On top of the building of the Hakutsuru Sake Brewing Co., its employees and their spouses and children were screaming with excitement as they stomped barefoot, the mud squelching between their toes.

“Good job, good job! Well done!” said Asami Oda, 56, the vice president of Hakutsuru’s Tokyo office, who takes care of the rice paddies every day.

“We harvest 60 kilograms (130 pounds) of rice every year, from which we make 80 litres of sake. Of course it’s organic. I like having a pesticides-free harvest, which is also good for the honey bees,” he said.

Which made me scurry around the internet looking for photos. And while I was doing that, as coincidence would have it, another piece on rooftop vegetation popped up, this time bamboo on top of a museum. Never rains but it pours.

Beer drinkers finally get recognition they deserve

We have been keeping an interested eye on the apparent resurgence of sorghum in some parts of Africa, driven by climate change, sure, but also by man’s (and woman’s) unquenchable thirst for beer. The latest story along those happy lines comes from Kenya. It might have remained a mere Nibble, but for the coincidental appearance of a study suggesting that “beer drinkers can serve as role models for the nation as it struggles to emerge from recession.” In Britain and, presumably, in Africa too.

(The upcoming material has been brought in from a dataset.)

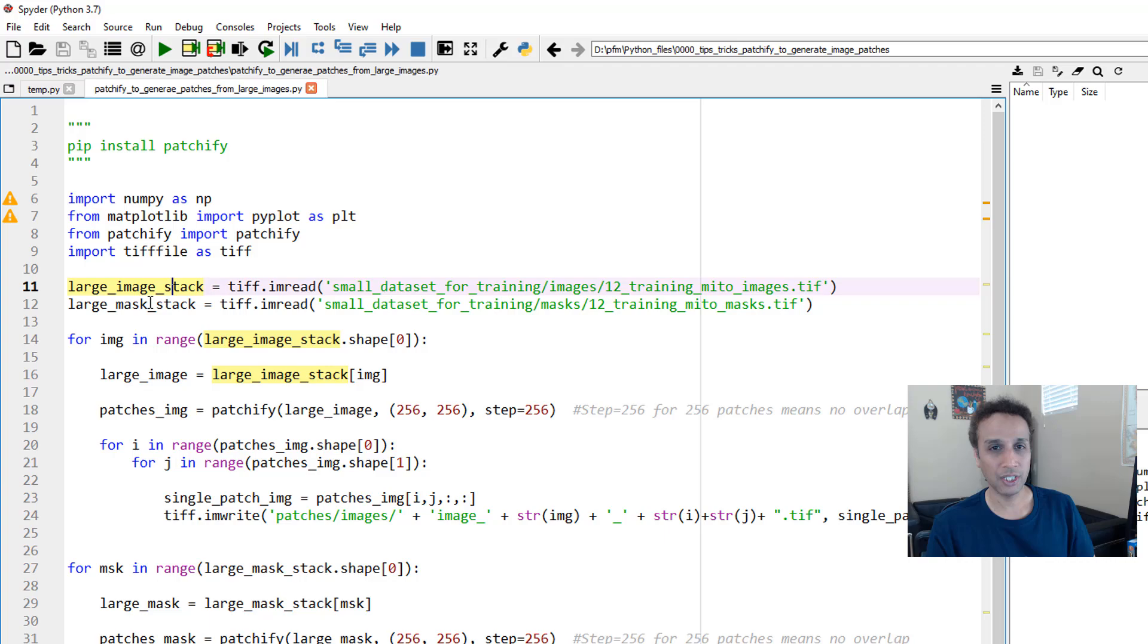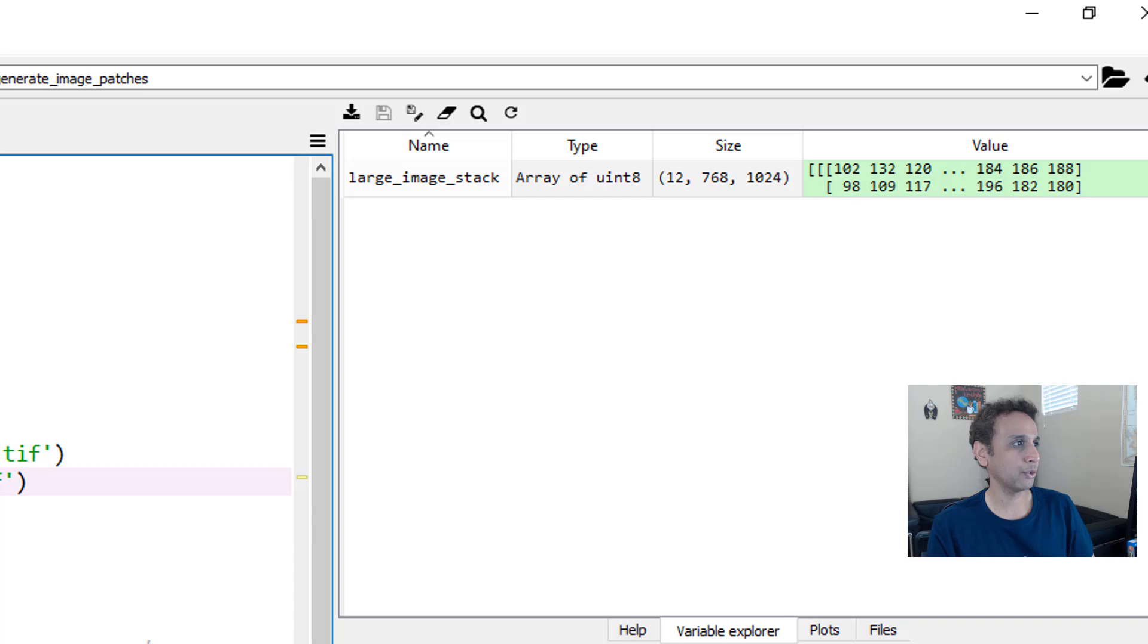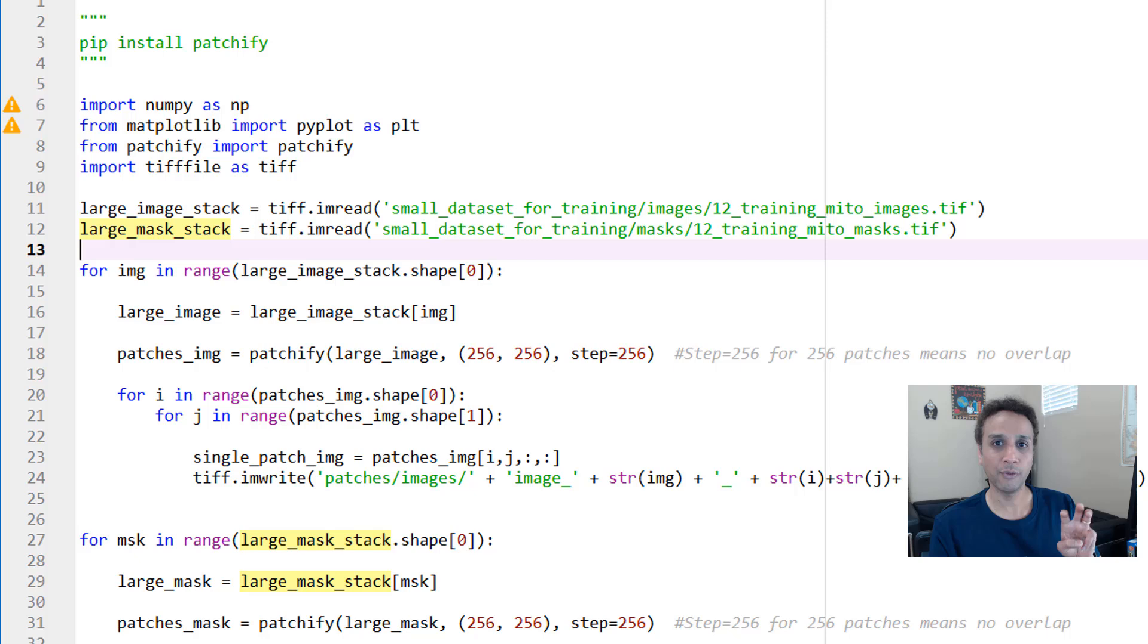Let's go ahead and read the large image and large mask stack. It's basically tiff.imread—that's it. So let's go ahead and read the image. As you can see, it's 12 images, each 768 by 1024. Let's do the same for our masks: 12 images, 12 masks, each 768 by 1024.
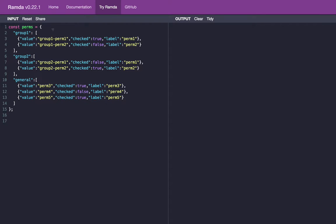However, we need to convert this back to the database structure, which is actually much easier in Ramda than almost anything we've done so far.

LATER: Oh, and this just in too. A fine day for beer drinkers indeed.

African Agriculture Science week

“As good as being there.” That’s the very professional blog created by the folks in Ouagadougou, Burkina Faso for FARA’s General Assembly and 5th African Agriculture Science week. We’ve linked to the programme before now, and invited submissions, but now we — and you — have a direct line to the goings on. ((There’s also the inevitable Twitter feed, of course.)) Of particular interest so far, the presentation by Bioversity International’s DG Emile Frison on diversity and nutrition, and a wee bit about pollinator diversity.

The Fara week 2010 blog is on our radar, and it raises an interesting question: what happens to the blog and the information in years to come? One-off, purpose-built blogs like this are great, especially when they’re as well put together as this one, but do they have a sustainability plan?

LATER: Oh, and Jules Pretty is pretty good on why everything you think you know about African agriculture is wrong.